Bung Hatta Sewaktu di Belanda
Tahun 1919, Hatta akhirnya diperolehkan oleh orang tuanya untuk
melanjutkan pendidikannya di HBS Batavia. Hatta menyelesaikan sekolahnya
di HBS pada tahun 1921 dan dibolehkan untuk melanjutkan pendidikannya
ke RotterdamSchool of Commerce (sekarang bernama Erasmus University
Rotterdam) yang berlokasi di Rotterdam sesuai dengan namanya, Belanda.

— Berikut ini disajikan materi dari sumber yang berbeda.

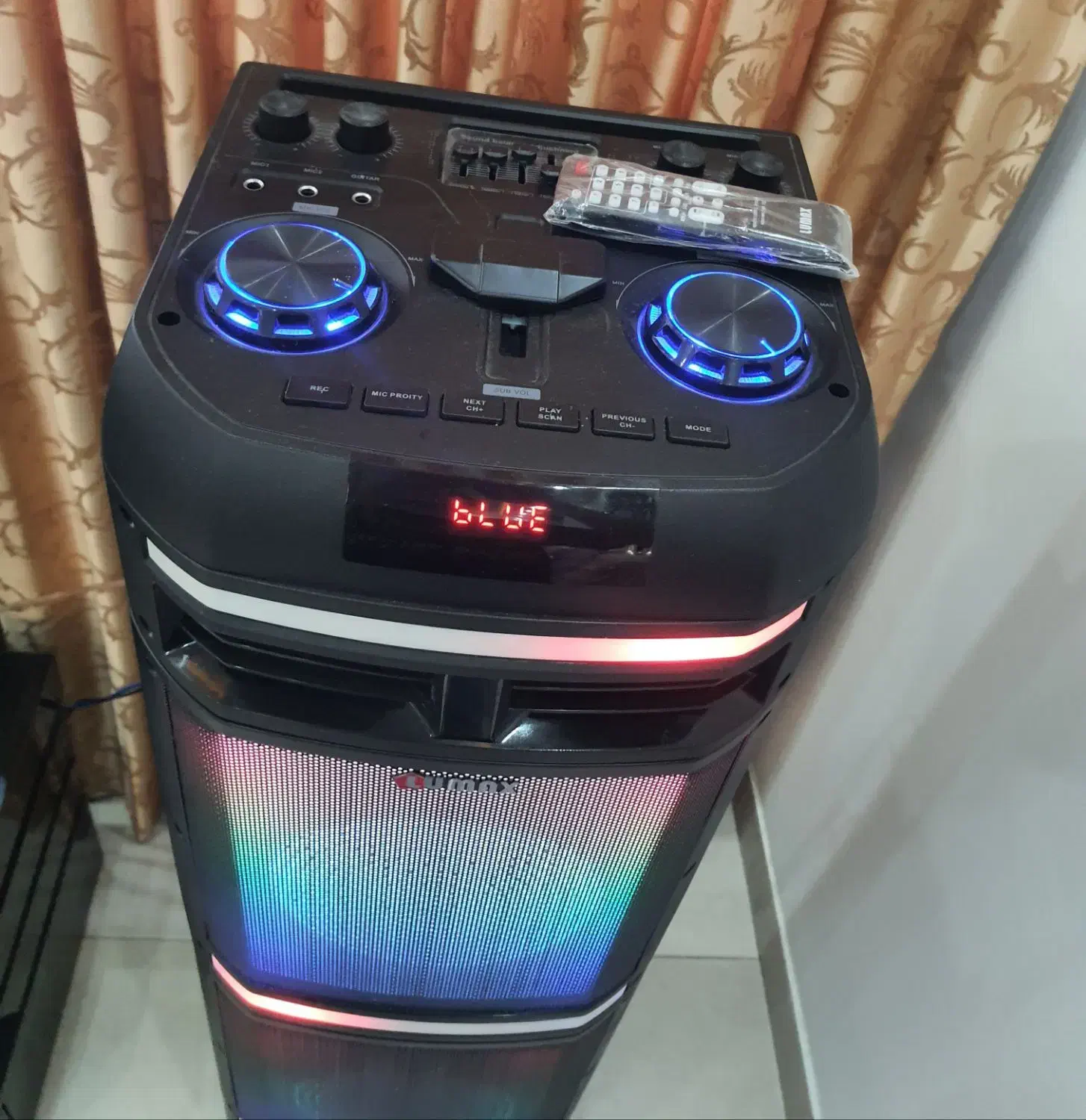 باند خانگی|سیستم صوتی خانگی|رشت, نخودچر|دیوار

Hatta mengambil Jurusan Ekonomi dan menyelesaikan kuliahnya pada tahun
1932 dan berhak menyandang gelar Doktorandus. Dengan gelar Doktorandus
yang disandang, Mohammad Hatta berhak untuk melanjutkan pendidikannya ke
tingkat Doktoral. Hatta kemudian melanjutkan pendidikannya untuk
memperoleh gelar Doktornya dan berusaha untuk menyelesaikan segala
persyaratan untuk mempermudah dalam menyelesaikan pendidikan Doktornya.
Namun pada akhirnya Hatta tak dapat menyelesaikan pendidikan Doktornya.
Kesibukkan Hatta dalam berpolitik menjadi penyebab utam terhambatnya
pendidikan Doktoralnya.
Selama di Belanda, Hatta bergabung dengan Indische Vereeniging (Asosiasi
Pelajar Hindia Belanda). Tahun 1922, Indische Vereeniging merubah nama
menjadi Indonesia Vereeniging yang jika diterjemahkan kedalam bahasa
Indonesia Menjadi Perhimpoenan Indonesia. Hatta menjadi bendahara dari
organisasi Perhimpoenan Indonesia sejak tahun 1922-1925. Hatta lalu
diangkat menjabat sebagai ketua sejak tahun 1926-1930. Pada saat
didaulat sebagai Ketua, Hatta membacakan pidatonya yang berjudul
Struktur Ekonomi Dunia dan Pertentangan Kekuasaan (The Economic World
Structure and the Conflict of Power) yang mana inti gagasan dari pidato
tersebut adalah menentang gagasan kerjasama Indonesia dan Pemerintah
Kolonial Belanda dalam rangka memperjuangkan kemerdekaan Indonesia.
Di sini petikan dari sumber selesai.